Besides these, if you wanted to use third-party libraries, you can find them at https://spark-packages.org/ . This page is kind of a repository of all Spark third-party libraries.

Install PySpark

There are different ways to install Apache Spark on your machine.

On Colab

You can use the notebook shared in the beginning of this tutorial for installation approach to run PySpark on Colab Notebook.

PySparkOnColab.ipynb

Using pip

You can install pyspark for Python language by simply installing the package pyspark using pip as follows:

Create a virtual environment before installing the package.

python3 -m venv venv
source venv/bin/activate

Install the package

pip install pyspark

This will install two packages pyspark and py4j. py4j is Python programs running in a Python interpreter to dynamically access Java objects in a Java Virtual Machine. This will install Spark software and you will be able to run Spark applications.

Using Docker

You can also install it using Docker as below.

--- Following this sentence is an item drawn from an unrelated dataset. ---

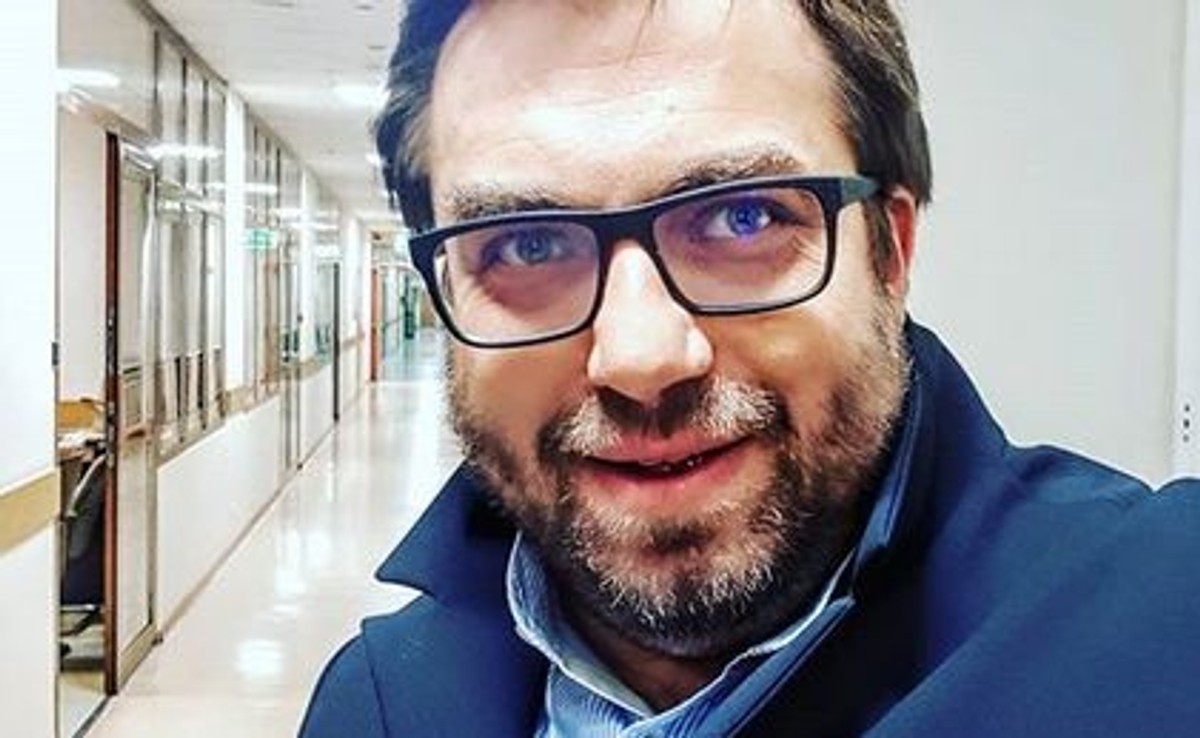 Bartosz Węglarczyk znów zakochany? Pokazał romantyczne zdjęcie z tajemniczą blondynką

Pull the image spark:python3

docker pull spark:python3

Run a container and access the pyspark shell.

docker run --name pyspark -it -p 4040:4040 spark:python3 /opt/spark/bin/pyspark

Here we create a container from the image above, publish the port 4040 for the Spark Web UI and run the pyspark shell.

Deploying Spark on Yarn Cluster

You can deploy a fully-distributed Hadoop cluster where YARN is the resource manager. I have prepared a repository which can deploy the cluster using Docker containers. This cluster also can be used for running your Spark applications on the cluster. You can check the repository from here. In order to start the cluster, you need to follow the steps below:

Clone the repository (https://github.com/firas-jolha/docker-spark-yarn-cluster) in a new folder

mkdir -p ~/spark-yarn-test && cd ~/spark-yarn-test
git clone git@github.com:firas-jolha/docker-spark-yarn-cluster.git
cd docker-spark-yarn-cluster

Run the script startHadoopCluster.sh passing the number of slaves $N$ (default value is 2).

N=5
bash startHadoopCluster.sh $N

Here I am running a cluster of one master node and 5 slave nodes. In HDFS, the master node will run the namenode and seconadry namenodes and the slave nodes will run the datanodes. In YARN, the master node will run the resource manager and the slave nodes will run the node managers. In Spark, the master node will run the Spark Cluster master and the slave nodes will run the workers.

Access the master node.

docker exec -it cluster-master bash

Check if the services are running. If some are not running then restart them.


jps -lm



# Starting HDFS
start-dfs.sh

# Starting the namenode
hdfs --daemon start namenode
# Starting the secondary namenode
hdfs --daemon start secondarynamenode
# Starting a datanode (do this on the datanode)
hdfs --daemon start datanode


# Starting YARN
start-yarn.sh

# Starting YARN + HDFS
start-all.sh


# Starting the MapReduce History server
mapred --daemon start historyserver


# Starting the Spark Cluster master
$SPARK_HOME/sbin/start-master.sh

# Starting the Spark Cluster workers
$SPARK_HOME/sbin/start-workers.sh

# Starting the Spark Cluster master + workers
$SPARK_HOME/sbin/start-all.sh

The table below shows some of the default ports for the running services.

Service	Port
HDFS namenode	9870
HDFS datanode	9864
HDFS secondary namenode	9868
YARN resource manager	8088
YARN node manager	8042
Spark master	8080
Spark jobs per application	4040
Spark history server	18080
MapReduce history server	19888

When you are done. You can run the script remove_containers.sh (CAUTION) which will remove all containers whose name contains cluster. Be careful, if you have any containers that contains cluster in its name, will also be removed.

bash remove_containers.sh

Or you can remove containers one by one if you do not use this script.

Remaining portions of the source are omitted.